Studentenleven
Column: Biertje?
woensdag 19 september 2012

Biertje?

‘Dit is de ruimte waar gefeest kan worden. Vanzelfsprekend kun je hier heel veel biertjes drinken. Lopen jullie even mee? Dan gaan we naar de volgende ruimte. Dit is de eetzaal. Bij het eten worden natuurlijk een hoop biertjes genuttigd. heeft iedereen het gezien? Dan gaan we nu door naar de gezelligheidsruimte. Hier kun je met een biertje neerploffen op de bank, en tot slot: hier hebben we de wc’s. Hier kun je je verstoppen op het toilet en stiekem een biertje drinken mocht dat nodig zijn.’

Zo zagen de rondleidingen op de studentenverenigingen er ongeveer uit. Bier was veruit het meest gebruikte woord van de dag. Het drinken begint, zo heb ik mij laten vertellen, ’s ochtends vroeg als iedereen uit de kroeg of van zijn of haar vereniging afkomt en gaat de hele dag door. Rond een uur of elf krijgen meerdere mensen last van een ‘katermomentje’ en wordt er heel even iets anders gedronken, maar al snel wordt het drinken hervat als middel tegen de stekende hoofdpijn.

Studenten schijnen gemiddeld 16 glazen alcohol per week te drinken. Voor mannen is dit gemiddeld 20 glazen per week, en voor vrouwen ligt dit getal rond de 8. Maar als je lid bent van een studentenvereniging ligt het gemiddelde aantal glazen op de 23 (mannen 27 en vrouwen 12). De overheid vindt dat dit buiten proportie is, en daarom is er sinds kort een verplichte cursus (de zogeheten IVA-cursus) voor alle leden van een studentenvereniging die achter de bar willen staan. Barleden zijn van nu af aan verplicht om met de grenzen van hun leden rekening te houden. Deze cursus is gratis, dat dan weer wel.
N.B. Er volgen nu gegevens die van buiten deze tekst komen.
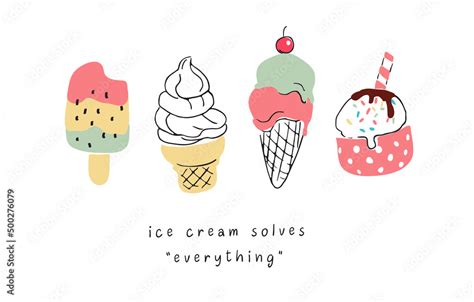 Ice Cream Slogans Ideas Hot Sex Picture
In vroeger tijden vond men het juist erg fijn wanneer studenten veel bier dronken. Ik citeer bierbrouwer Harm Heggers: ‘In 1575 werd in Leiden een universiteit gesticht, met als belangrijke achterliggende gedachte dat de enorme drankinname van studenten goed zou zijn voor de inkomsten van de stad. Toen heeft de stad, heel berekenend, want Hollanders blijven natuurlijk kooplui, besloten veel geld te investeren in het oprichten van de universiteit, om vervolgens via de bierverkoop dat geld weer terug te halen.’

Maar tijden veranderen, en tegenwoordig wordt het drinkgedrag van studenten niet meer zo op prijs gesteld. Toch wil ik de studentenverenigingen en de stad Leiden een hart onder de riem steken. Ze hoeven absoluut niet te vrezen voor hun omzet. We moeten namelijk niet vergeten dat de eerste generatie comadrinkers de komende jaren gaat studeren. Blijft alleen de vraag over of zij nog genoeg hersencellen hebben om hun studiepunten te kunnen halen.

Maaike Lommerse (1994) is eerstejaars studente bestuurskunde. Ze schrijft dit jaar om de week een column over haar ervaringen.